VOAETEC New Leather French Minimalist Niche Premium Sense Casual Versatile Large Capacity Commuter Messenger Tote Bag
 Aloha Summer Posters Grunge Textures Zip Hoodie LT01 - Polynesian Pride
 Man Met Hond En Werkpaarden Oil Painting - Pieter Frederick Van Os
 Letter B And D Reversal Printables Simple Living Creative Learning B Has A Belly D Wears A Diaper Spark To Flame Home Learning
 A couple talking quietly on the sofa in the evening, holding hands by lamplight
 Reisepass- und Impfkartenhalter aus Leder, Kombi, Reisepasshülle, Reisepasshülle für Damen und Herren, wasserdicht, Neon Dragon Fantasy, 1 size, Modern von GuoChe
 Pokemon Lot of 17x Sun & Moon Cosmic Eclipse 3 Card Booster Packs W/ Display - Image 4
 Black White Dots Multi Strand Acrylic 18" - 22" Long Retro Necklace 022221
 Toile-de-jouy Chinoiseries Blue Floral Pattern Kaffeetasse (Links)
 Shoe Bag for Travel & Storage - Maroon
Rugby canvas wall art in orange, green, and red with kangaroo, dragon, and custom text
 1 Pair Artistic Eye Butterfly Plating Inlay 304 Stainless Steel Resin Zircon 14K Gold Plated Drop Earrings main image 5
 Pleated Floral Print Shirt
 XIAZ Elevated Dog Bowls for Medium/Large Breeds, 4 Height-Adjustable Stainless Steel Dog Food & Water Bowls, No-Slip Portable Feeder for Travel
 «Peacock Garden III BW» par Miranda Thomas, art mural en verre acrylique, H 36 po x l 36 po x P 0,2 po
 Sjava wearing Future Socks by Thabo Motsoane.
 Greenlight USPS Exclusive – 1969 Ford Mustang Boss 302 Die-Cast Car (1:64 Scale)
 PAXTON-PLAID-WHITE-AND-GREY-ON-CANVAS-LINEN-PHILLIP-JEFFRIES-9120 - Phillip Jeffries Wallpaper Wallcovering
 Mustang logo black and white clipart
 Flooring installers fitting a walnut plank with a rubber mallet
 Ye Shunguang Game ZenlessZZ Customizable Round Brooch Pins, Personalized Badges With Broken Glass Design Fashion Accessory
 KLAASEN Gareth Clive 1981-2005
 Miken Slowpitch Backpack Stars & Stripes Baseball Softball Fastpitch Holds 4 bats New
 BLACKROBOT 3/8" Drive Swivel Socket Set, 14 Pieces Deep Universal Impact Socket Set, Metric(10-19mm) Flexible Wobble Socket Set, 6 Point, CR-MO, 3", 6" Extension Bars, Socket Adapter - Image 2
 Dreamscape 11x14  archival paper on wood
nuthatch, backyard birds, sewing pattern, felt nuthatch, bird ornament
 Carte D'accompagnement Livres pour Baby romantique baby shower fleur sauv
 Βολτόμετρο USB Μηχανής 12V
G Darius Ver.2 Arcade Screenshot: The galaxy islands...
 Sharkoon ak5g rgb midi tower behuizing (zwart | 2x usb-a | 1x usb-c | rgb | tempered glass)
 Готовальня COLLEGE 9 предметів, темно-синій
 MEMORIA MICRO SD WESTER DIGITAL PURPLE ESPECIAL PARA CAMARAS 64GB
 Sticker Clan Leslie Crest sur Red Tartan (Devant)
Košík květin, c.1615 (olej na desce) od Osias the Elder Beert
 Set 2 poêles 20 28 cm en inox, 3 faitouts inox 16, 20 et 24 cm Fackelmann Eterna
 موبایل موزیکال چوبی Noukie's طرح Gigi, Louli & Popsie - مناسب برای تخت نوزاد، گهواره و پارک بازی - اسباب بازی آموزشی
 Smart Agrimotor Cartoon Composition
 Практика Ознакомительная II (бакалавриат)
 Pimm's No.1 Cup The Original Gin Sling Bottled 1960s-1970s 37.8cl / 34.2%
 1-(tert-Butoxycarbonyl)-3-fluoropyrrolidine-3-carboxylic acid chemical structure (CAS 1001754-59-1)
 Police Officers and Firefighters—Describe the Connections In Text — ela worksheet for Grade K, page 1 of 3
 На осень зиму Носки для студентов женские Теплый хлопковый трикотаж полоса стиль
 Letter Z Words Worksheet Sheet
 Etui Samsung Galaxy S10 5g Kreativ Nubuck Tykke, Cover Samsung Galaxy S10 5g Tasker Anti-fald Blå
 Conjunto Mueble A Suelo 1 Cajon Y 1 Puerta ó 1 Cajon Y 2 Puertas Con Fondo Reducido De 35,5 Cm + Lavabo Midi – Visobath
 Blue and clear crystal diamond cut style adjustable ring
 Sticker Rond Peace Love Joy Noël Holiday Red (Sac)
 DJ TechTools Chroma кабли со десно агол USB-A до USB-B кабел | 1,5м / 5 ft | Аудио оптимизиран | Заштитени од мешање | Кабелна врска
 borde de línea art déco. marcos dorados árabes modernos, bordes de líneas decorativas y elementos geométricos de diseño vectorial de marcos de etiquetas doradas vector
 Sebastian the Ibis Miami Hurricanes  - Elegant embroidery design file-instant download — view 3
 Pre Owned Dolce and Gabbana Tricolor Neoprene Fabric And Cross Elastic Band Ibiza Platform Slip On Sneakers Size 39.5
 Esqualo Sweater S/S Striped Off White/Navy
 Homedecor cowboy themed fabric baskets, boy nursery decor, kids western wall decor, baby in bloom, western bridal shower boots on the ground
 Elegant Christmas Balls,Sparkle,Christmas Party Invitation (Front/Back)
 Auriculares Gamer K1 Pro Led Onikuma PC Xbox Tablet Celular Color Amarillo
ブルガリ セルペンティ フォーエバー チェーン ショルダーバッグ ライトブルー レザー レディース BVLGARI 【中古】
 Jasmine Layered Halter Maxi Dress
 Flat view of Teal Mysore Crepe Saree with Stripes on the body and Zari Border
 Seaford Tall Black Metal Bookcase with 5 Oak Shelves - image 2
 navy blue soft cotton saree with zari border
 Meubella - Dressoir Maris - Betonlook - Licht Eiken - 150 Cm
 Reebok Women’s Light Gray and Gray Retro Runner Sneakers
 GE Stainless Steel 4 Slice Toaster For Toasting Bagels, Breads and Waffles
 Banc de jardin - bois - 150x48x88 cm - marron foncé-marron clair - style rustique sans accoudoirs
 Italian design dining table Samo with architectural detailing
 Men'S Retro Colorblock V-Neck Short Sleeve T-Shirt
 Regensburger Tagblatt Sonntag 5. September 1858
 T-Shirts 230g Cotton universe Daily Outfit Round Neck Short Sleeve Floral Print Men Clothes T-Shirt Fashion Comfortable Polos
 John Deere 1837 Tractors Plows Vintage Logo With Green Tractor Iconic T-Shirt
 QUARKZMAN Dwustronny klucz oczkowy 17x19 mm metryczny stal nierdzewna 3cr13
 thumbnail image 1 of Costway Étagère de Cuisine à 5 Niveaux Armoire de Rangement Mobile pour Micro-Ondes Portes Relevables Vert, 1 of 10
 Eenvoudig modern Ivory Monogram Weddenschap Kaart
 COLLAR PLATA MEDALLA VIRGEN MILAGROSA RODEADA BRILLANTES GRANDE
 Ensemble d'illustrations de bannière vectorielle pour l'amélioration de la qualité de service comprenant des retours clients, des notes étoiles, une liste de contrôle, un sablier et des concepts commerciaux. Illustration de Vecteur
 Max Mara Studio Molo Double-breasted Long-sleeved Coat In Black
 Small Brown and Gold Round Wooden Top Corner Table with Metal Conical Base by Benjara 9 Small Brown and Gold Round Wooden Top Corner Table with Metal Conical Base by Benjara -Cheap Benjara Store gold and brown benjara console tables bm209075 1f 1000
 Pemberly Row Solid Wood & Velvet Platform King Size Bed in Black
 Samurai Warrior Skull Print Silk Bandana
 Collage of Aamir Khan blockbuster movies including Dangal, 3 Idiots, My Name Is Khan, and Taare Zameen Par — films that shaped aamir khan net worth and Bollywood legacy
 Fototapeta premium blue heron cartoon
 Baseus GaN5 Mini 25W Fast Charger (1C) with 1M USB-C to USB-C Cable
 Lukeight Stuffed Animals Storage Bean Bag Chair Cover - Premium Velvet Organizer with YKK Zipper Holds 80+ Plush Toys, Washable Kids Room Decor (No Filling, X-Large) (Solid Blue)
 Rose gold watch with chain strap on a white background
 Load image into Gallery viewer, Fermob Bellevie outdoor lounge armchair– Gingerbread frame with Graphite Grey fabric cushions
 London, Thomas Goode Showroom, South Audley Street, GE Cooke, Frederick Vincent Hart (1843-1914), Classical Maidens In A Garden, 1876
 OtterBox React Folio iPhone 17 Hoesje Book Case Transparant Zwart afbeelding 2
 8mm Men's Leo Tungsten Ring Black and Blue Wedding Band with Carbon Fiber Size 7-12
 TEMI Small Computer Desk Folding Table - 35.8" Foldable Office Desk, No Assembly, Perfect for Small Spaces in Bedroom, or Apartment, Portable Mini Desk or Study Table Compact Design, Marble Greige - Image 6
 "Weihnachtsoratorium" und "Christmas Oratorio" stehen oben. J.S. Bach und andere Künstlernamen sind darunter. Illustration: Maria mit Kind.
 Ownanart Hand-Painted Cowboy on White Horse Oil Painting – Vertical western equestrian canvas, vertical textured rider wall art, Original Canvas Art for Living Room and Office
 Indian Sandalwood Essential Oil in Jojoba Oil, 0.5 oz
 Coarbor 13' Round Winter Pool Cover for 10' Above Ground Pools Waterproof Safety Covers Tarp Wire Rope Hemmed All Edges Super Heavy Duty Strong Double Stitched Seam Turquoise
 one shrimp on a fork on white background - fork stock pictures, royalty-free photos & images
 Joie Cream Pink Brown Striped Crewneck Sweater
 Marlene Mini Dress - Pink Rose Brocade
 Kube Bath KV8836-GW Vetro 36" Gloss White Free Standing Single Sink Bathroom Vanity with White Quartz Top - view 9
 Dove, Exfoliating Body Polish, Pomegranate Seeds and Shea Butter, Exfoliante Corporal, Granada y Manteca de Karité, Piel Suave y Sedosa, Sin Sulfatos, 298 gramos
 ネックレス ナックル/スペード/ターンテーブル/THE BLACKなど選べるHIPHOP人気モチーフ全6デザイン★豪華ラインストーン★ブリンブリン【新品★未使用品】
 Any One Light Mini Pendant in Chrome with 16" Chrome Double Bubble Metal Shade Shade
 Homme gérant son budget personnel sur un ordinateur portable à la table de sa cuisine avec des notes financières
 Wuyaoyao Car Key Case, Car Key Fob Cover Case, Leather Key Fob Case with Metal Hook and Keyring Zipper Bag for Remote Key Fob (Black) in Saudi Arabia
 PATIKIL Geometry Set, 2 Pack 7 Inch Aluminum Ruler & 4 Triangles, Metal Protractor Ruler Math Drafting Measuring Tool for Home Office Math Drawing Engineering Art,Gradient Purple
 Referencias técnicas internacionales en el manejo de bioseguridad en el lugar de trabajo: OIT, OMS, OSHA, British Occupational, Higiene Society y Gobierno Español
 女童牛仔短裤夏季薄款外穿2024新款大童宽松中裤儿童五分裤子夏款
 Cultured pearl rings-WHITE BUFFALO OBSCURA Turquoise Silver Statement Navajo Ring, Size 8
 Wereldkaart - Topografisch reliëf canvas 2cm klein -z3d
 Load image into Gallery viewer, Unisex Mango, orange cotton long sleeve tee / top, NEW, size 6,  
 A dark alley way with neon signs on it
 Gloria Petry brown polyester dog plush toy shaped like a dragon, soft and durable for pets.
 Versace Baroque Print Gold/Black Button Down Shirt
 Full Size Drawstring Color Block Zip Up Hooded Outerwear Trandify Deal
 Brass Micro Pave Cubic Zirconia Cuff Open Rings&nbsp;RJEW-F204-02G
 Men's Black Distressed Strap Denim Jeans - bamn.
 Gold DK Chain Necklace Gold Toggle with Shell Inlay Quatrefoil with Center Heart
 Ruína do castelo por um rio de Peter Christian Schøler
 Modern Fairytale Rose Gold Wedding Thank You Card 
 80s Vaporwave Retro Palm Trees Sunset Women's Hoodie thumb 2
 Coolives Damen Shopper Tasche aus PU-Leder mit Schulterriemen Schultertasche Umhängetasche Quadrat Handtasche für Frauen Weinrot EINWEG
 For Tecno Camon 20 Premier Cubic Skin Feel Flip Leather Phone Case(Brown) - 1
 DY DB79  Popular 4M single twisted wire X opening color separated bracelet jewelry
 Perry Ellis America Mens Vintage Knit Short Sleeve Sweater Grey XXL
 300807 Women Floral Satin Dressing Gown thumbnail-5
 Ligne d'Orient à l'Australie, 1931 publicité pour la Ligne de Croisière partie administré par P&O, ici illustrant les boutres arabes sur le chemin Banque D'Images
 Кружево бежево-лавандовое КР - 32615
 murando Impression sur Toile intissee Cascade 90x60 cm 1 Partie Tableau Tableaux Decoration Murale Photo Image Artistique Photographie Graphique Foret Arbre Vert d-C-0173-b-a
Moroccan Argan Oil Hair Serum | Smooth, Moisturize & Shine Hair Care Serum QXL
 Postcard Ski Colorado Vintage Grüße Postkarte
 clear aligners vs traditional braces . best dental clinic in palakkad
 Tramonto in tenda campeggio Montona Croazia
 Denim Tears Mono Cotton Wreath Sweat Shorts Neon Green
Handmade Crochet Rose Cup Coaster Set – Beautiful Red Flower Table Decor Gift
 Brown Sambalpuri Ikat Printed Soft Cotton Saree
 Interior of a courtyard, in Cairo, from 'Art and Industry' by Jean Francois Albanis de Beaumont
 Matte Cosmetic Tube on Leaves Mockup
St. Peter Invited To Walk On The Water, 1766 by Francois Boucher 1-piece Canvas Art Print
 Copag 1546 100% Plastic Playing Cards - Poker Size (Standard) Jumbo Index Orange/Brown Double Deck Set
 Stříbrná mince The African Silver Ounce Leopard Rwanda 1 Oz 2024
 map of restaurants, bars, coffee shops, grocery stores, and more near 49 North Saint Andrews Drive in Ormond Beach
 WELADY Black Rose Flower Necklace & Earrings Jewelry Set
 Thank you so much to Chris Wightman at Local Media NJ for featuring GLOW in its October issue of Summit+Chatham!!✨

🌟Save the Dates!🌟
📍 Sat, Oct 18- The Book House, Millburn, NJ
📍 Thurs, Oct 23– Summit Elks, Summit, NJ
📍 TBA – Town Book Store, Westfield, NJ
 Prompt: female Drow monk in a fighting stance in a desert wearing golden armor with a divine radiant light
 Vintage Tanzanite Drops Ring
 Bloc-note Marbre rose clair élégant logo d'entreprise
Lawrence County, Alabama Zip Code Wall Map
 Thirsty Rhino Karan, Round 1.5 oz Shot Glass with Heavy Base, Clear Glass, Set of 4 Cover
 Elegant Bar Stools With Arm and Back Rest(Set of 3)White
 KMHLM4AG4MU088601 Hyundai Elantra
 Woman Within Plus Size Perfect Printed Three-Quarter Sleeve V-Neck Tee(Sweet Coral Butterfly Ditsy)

• **EXERCISE AIM**: Nothing but the lines from the start of the data above through the line with "Aloha Summer Posters" should appear in your answer, copied exactly.

• **WORKED SOLUTION**:
VOAETEC New Leather French Minimalist Niche Premium Sense Casual Versatile Large Capacity Commuter Messenger Tote Bag
 Aloha Summer Posters Grunge Textures Zip Hoodie LT01 - Polynesian Pride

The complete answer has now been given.